Refactoring a directory into a git submodule

1 minute read

To release the Rsnapshot Puppet module I needed to extract the module directory from our entire Puppet configuration Git repository (we know it’s wrong, but it’s how we started and are moving away from it slowly). Fortunately Git has some great functionality (hint: it’s submodules) to allow the directory to be pulled out into a new repository, keeping the commit history.

The steps I wanted to achieve were:

  1. Create a new repository containing only the Rsnapshot directory (and the commit history for that directory).
  2. Remove the directory from the Puppet repository and replace it with a pointer to the Rsnapshot repository.

Git submodules solve this use-case.
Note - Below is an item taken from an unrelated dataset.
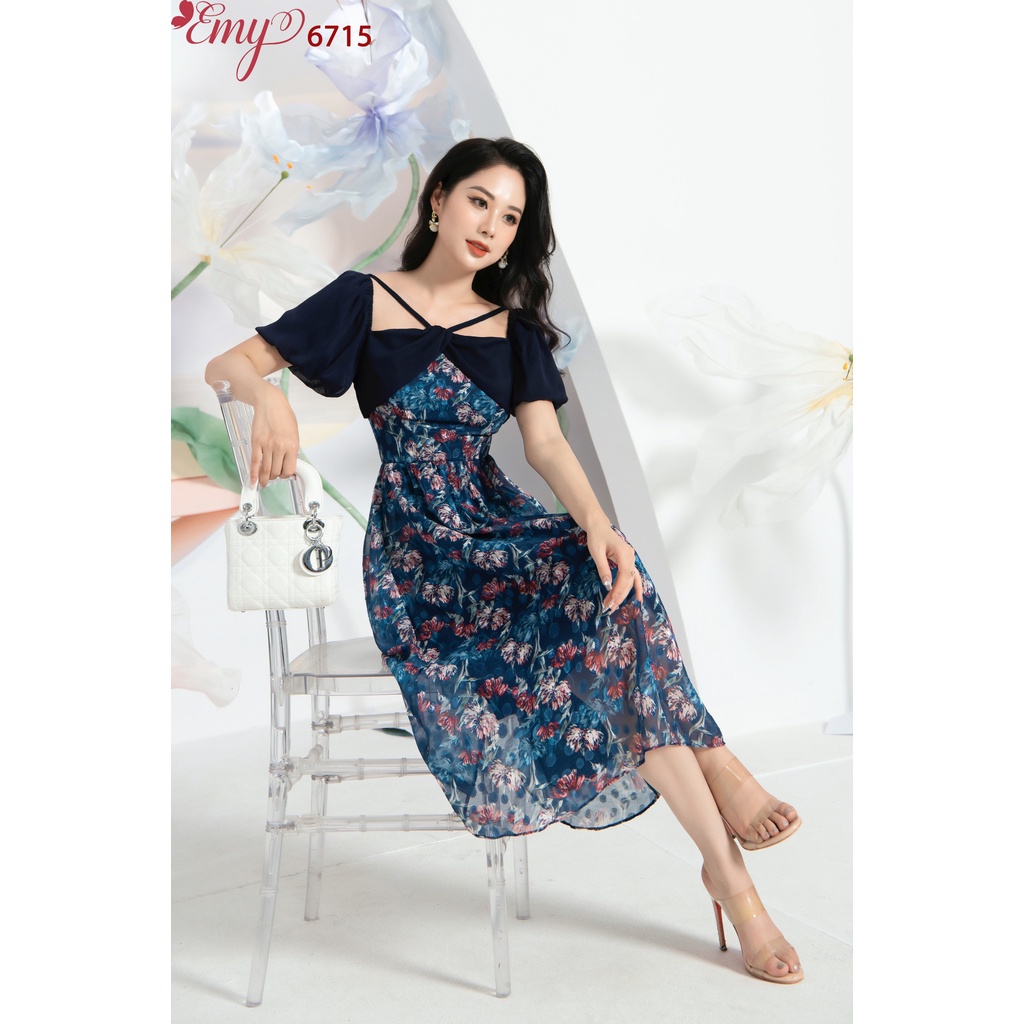 Đầm EMY EM6715 Xoè Midi Cổ Phối Dây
A submodule is treated as a separate repository, but resides within the parent repository’s directory structure.

The simplest way to filter the repository is to clone it, apply the filter to the clone and then push the the filtered repository to your origin server (if you use one). The following example assumes you’ve created an empty repository ready for the submodule:

git filter-branch --subdirectory-filter '$PATH_TO_SUBMODULE' --prune-empty -- --all

# Clean the repository
git clean -xd -f

# Update the remote (replace "origin" with your remote name)
git remote rm origin
git remote add origin $SUBMODULE_REPO_URL

# Push the new submodule
git push origin master

All that’s left to do then is remove the existing directory and add the submodule. Even if you’re paranoid the removed directory’s history is still in Git, so it’s easy to roll back.

git commit -m "Removing directory to replace with submodule" $PATH_TO_SUBMODULE
git add .gitmodules $PATH_TO_SUBMODULE
git commit -m "Adding submodule X"
git push

For the Puppet example the repository resides at /etc/puppet and I used the following variables:

SUBMODULE_NAME = puppet-rsnapshot
PATH_TO_SUBMODULE = modules/rsnapshot